To my readers, a belated apology. My wife has been ill, my house has had power and aircon issues, and when your house is broken, it becomes hard to cook and write about food. So we’ll talk a little sous-vide, things that have been building up, stuff I’ve observed, and the occasional incidental that may only pertain to the Snellville GA area as opposed to the much larger world of sous-vide cooking.

Gogi Brothers has closed. I enjoyed my stay there, but I was about the only one I know of who had a positive experience there. If you can’t please customers, it’s hard to stay open.

Fung Mei, which for a while was missing its Sichuan chef, has one now, and their version of “Shan City chicken” (Fung Mei calls it E1 on the Sichuan menu) is exceptionally good right now.

Fung Mei’s “E1” was blow you away good this last Father’s day.

Concerning the dish dry fried green beans: can anyone explain to me the move from spicing with Sichuan peppercorns to a less fiery garlic based set of ingredients? The garlic flavored green beans are good. but not as insanely good as the green beans I had on this visit to Fung Mei.

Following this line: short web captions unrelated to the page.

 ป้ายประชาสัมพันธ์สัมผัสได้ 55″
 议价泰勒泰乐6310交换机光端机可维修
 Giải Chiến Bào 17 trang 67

For the 4th, I prepped a pair of buffalo sirloins. This 8 ounce cut is rapidly becoming my go-to when I want a steak I don’t have to think about. Reliability, tenderness, rich flavors, and serving size about right are driving this. 3 to 5 hours at 131 with dry spices, and these meats are good to go.

Buffalo sirloins are grass fed and very reliable in a sous-vide pot.

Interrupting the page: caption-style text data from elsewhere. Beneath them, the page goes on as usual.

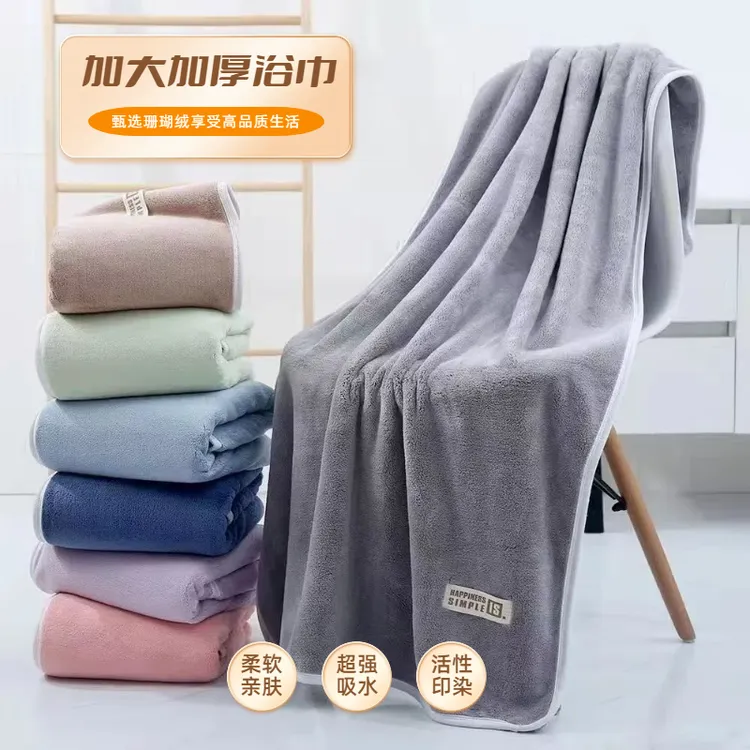 加大加厚四季家用高档珊瑚绒新款大浴巾柔软吸水不掉毛洗澡大浴巾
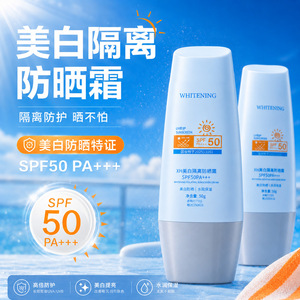 XH美白隔离防晒霜乳女面部提亮全身防紫外线隔离养肤清爽厂家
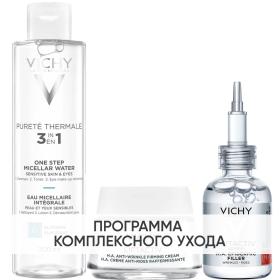 Vichy Программа Liftactiv Supreme комплексный уход мицеллярная вода 200 мл  крем день нормкомби 50 мл  сыворотка 30 мл. фото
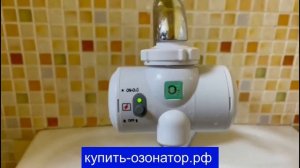 Озонатор воды проточный на кран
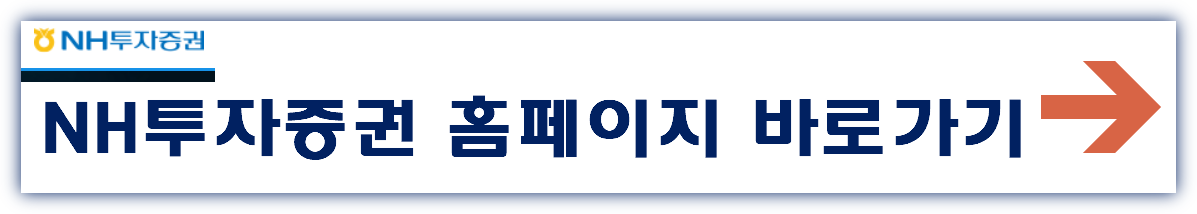 공매도 잔고확인 방법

When spicing more than one piece of meat, it’s faster if you’ll spice all of them at once on one side, flip all of them, and spice the other side. This approach saves time. Keeping a pot around on the stove, with scalding hot water, also makes it faster to equilibrate the sous-vide pot.

Bottom round roast, 16 hour sous-vide.

Recently I worked up another roast, this time a bottom round roast. I was going to cook it 30 hours, but cut the time short, to about 16 hours, when I found this article on a 10 hour bottom round roast. It ended up a nice cut of meat, some chew but definitely more tender than a stove roasted meat.

I’m beginning to think the 10-24 hour time frame is best for these kinds of meats, regardless. You’re guaranteed something you can eat and not think about it. The longer you go, the more likely it is you’ll get meats with a sawdust texture.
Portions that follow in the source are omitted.